Amazon sued by FTC after being accused of tricking customers into signing up for Prime

Amazon is being accused of "knowingly making it difficult for consumers to cancel their subscriptions" to Prime.

The Federal Trade Commission (FTC) is suing Amazon for allegedly tricking its customers into signing up for Prime, “while knowingly making it difficult for consumers to cancel their subscriptions”.

As IGN reports, the FTC has accused Amazon of using “dark patterns” to allegedly trick customers into automatically renewing their Prime subscriptions. It claims that the company has “knowingly” tricked millions.

“In many cases, the option to purchase items on Amazon without subscribing to Prime was more difficult for consumers to locate,” the FTC stated. “In some cases, the button presented to consumers to complete their transaction did not clearly state that in choosing that option, they were also agreeing to join Prime for a recurring subscription.”

It continued, accusing Amazon of making it challenging for customers to cancel their subscriptions: “The primary purpose of its Prime cancellation process was not to enable subscribers to cancel, but to stop them,” it alleged. “Amazon leadership slowed or rejected changes that would’ve made it easier for users to cancel Prime because those changes adversely affected Amazon’s bottom line.”

However, in a statement released to IGN, one Amazon spokesperson called the FTC’s allegations “false on the facts and the law”, and stated that “the truth is that customers love Prime”.

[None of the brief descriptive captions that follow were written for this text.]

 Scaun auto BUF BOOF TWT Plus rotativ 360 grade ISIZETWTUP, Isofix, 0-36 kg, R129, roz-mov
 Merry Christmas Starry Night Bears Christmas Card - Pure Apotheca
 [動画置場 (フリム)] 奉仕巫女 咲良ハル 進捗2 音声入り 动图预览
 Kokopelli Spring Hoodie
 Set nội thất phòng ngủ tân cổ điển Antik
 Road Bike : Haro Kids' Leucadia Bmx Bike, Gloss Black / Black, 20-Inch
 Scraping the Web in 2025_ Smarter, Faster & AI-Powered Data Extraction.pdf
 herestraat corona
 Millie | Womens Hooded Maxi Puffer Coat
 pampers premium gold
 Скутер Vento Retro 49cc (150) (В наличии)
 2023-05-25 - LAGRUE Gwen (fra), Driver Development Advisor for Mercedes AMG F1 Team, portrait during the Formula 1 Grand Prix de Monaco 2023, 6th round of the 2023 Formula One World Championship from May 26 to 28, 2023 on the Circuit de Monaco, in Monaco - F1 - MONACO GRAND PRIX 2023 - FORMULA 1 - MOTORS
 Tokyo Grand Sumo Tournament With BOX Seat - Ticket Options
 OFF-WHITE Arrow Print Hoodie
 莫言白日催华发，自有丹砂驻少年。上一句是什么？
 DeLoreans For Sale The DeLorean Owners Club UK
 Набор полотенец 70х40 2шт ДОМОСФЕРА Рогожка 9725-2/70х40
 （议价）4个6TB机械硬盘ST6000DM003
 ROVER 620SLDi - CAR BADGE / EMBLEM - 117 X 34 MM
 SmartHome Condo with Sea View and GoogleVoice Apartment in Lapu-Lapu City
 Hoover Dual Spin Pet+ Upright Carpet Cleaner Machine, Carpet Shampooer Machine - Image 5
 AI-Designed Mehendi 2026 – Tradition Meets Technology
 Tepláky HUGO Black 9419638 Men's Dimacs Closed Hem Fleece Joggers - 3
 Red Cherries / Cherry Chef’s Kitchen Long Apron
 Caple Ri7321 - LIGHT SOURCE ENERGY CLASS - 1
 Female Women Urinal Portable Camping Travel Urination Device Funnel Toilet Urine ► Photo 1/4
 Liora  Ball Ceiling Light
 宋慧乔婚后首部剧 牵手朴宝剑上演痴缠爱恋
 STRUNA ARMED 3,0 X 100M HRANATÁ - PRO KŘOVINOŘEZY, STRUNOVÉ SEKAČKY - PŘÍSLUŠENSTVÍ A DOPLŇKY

“By design we make it clear and simple for customers to both sign up for or cancel their Prime membership,” the Amazon spokesperson said. “As with all our products and services, we continually listen to customer feedback and look for ways to improve the customer experience, and we look forward to the facts becoming clear as this case plays out.”

Earlier this month, the FTC filed for a temporary restraining order and a preliminary injunction in order to block Microsoft from acquiring Activision Blizzard, adding yet another roadblock to Microsoft’s plans. The UK’s Competition and Markets Authority (CMA) also blocked the deal back in April.